Data segment:

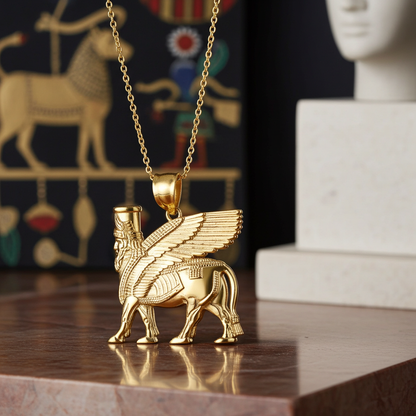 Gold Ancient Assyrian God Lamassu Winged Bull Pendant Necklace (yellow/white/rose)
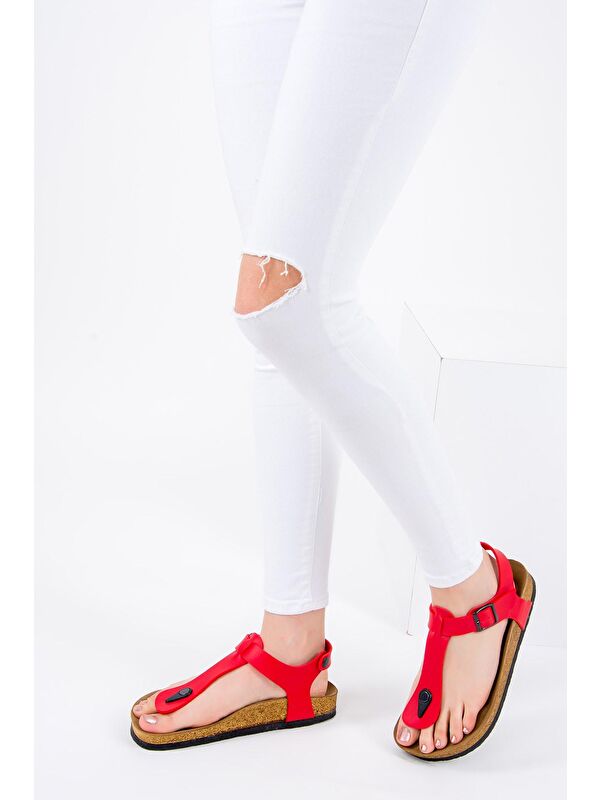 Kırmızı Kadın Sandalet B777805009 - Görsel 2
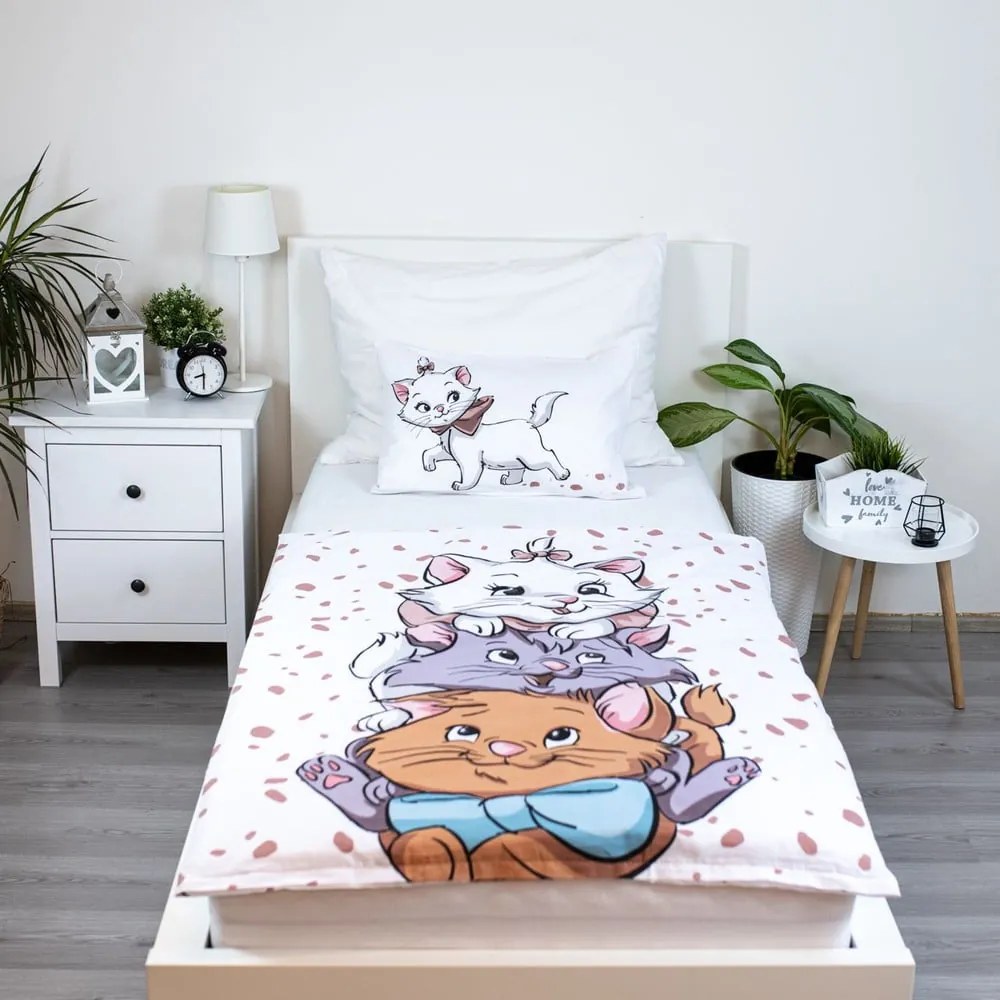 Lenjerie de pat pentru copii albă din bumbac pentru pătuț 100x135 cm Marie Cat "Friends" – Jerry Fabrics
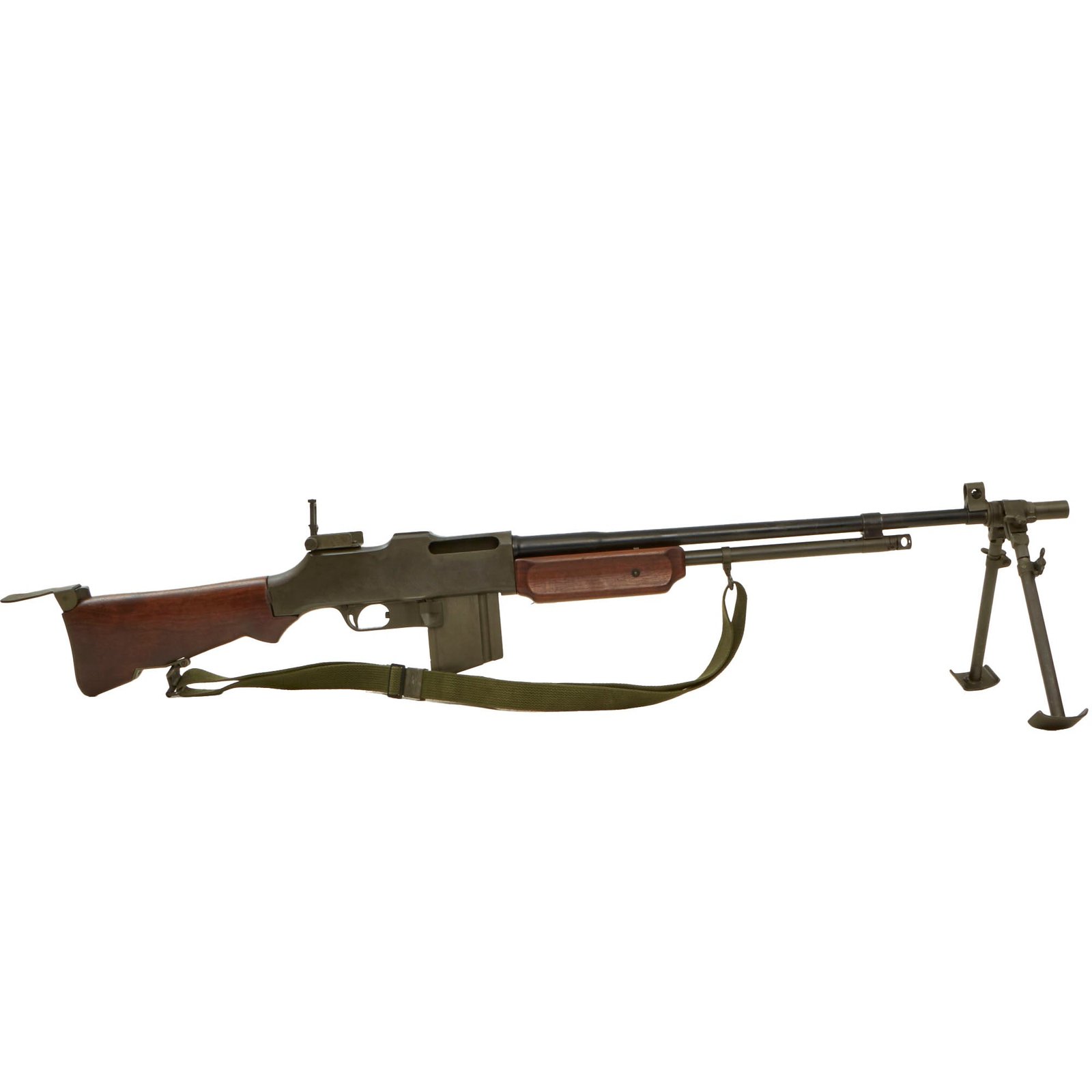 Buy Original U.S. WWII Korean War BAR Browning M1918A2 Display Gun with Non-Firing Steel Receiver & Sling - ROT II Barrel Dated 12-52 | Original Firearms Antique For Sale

Task goal: Reproduce the listing exactly, images omitted.

Output of the exercise:
 Gold Ancient Assyrian God Lamassu Winged Bull Pendant Necklace (yellow/white/rose)
 Kırmızı Kadın Sandalet B777805009 - Görsel 2
 Lenjerie de pat pentru copii albă din bumbac pentru pătuț 100x135 cm Marie Cat "Friends" – Jerry Fabrics
 Buy Original U.S. WWII Korean War BAR Browning M1918A2 Display Gun with Non-Firing Steel Receiver & Sling - ROT II Barrel Dated 12-52 | Original Firearms Antique For Sale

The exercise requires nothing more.